* **EXERCISE DATA**
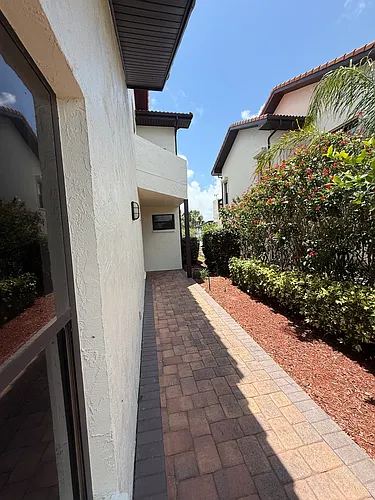 3270 River Villa Way Photo 1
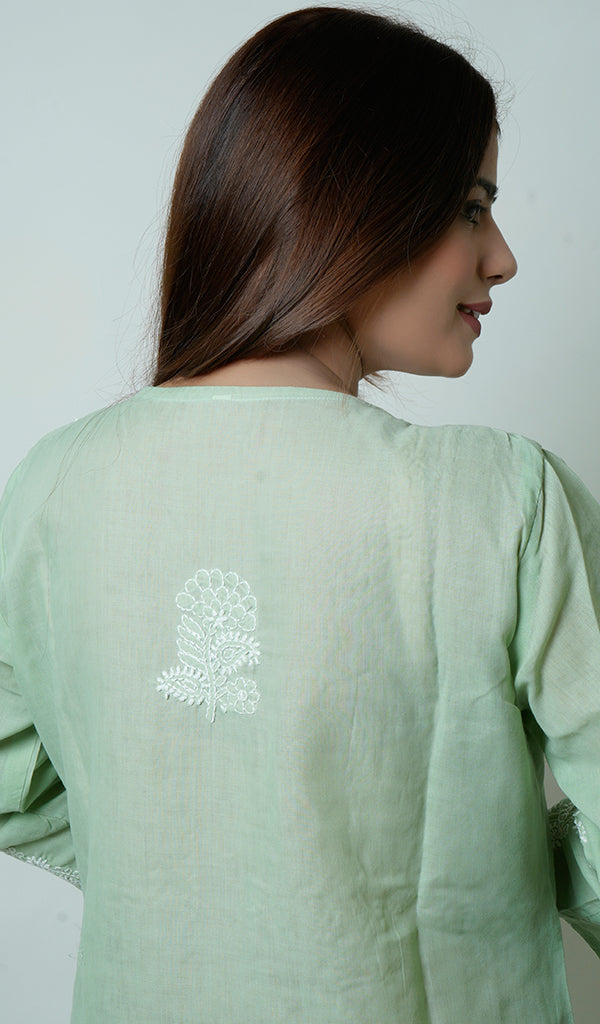 Buy online Chikankari Embroidered Short Kurti from Kurta Kurtis for Women  by Seva Chikan for ₹3099 at 23% off | 2024 Limeroad.com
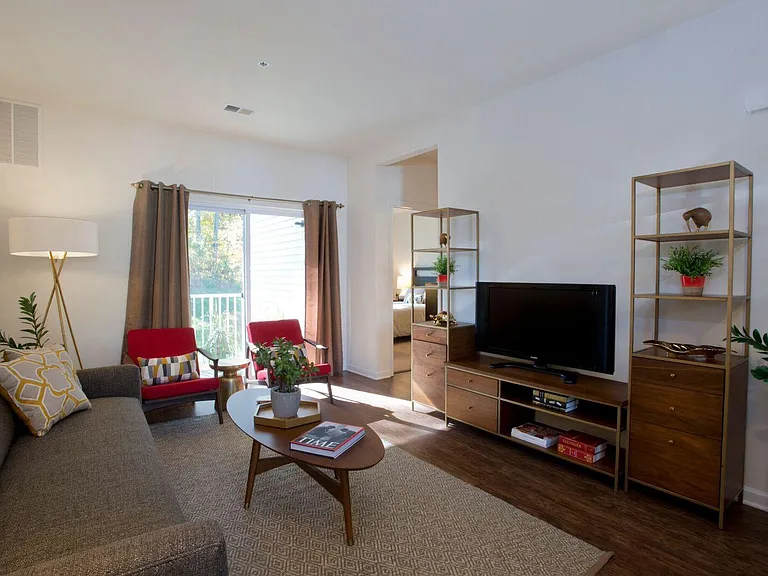 Summit Lane Luxury Apartments — Photo 7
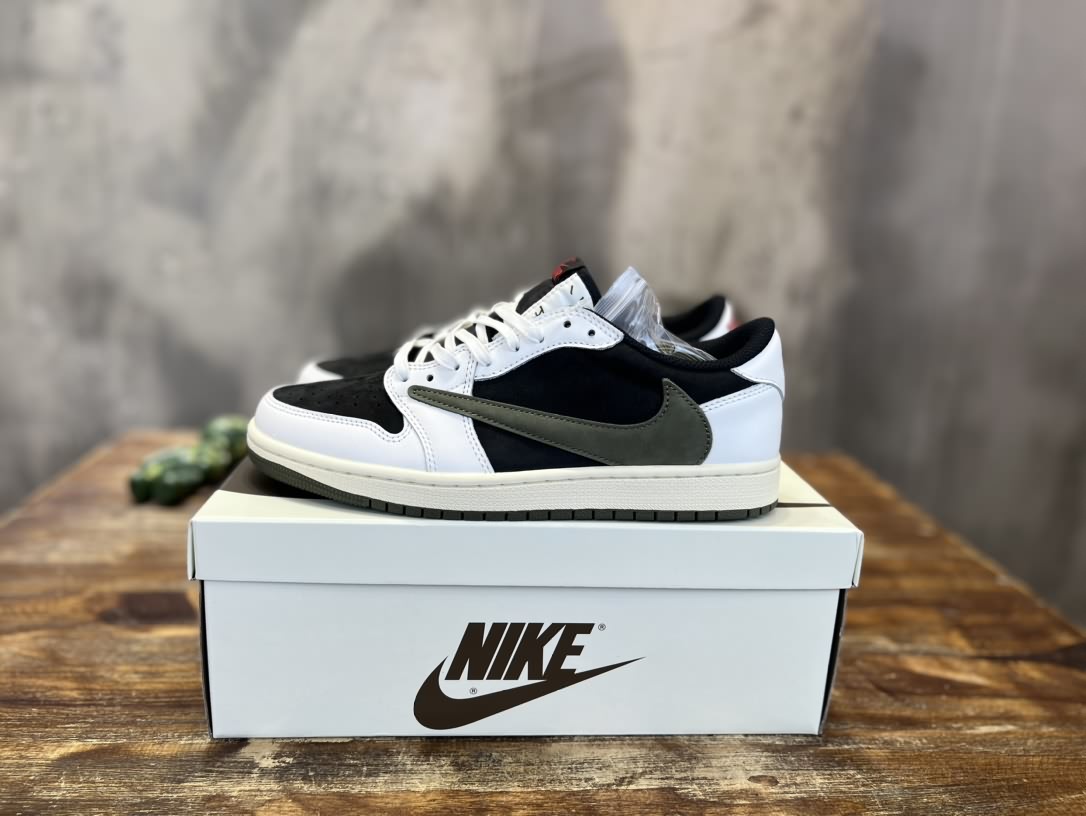 Travis Scott X Air Jordan 1 Low Triple Black 倒鉤低幫全黑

* **WHAT IS REQUIRED**
Reproduce the data above without a single change, please, but without its pictures.

* **EXERCISE OUTPUT**
 3270 River Villa Way Photo 1
 Buy online Chikankari Embroidered Short Kurti from Kurta Kurtis for Women  by Seva Chikan for ₹3099 at 23% off | 2024 Limeroad.com
 Summit Lane Luxury Apartments — Photo 7
 Travis Scott X Air Jordan 1 Low Triple Black 倒鉤低幫全黑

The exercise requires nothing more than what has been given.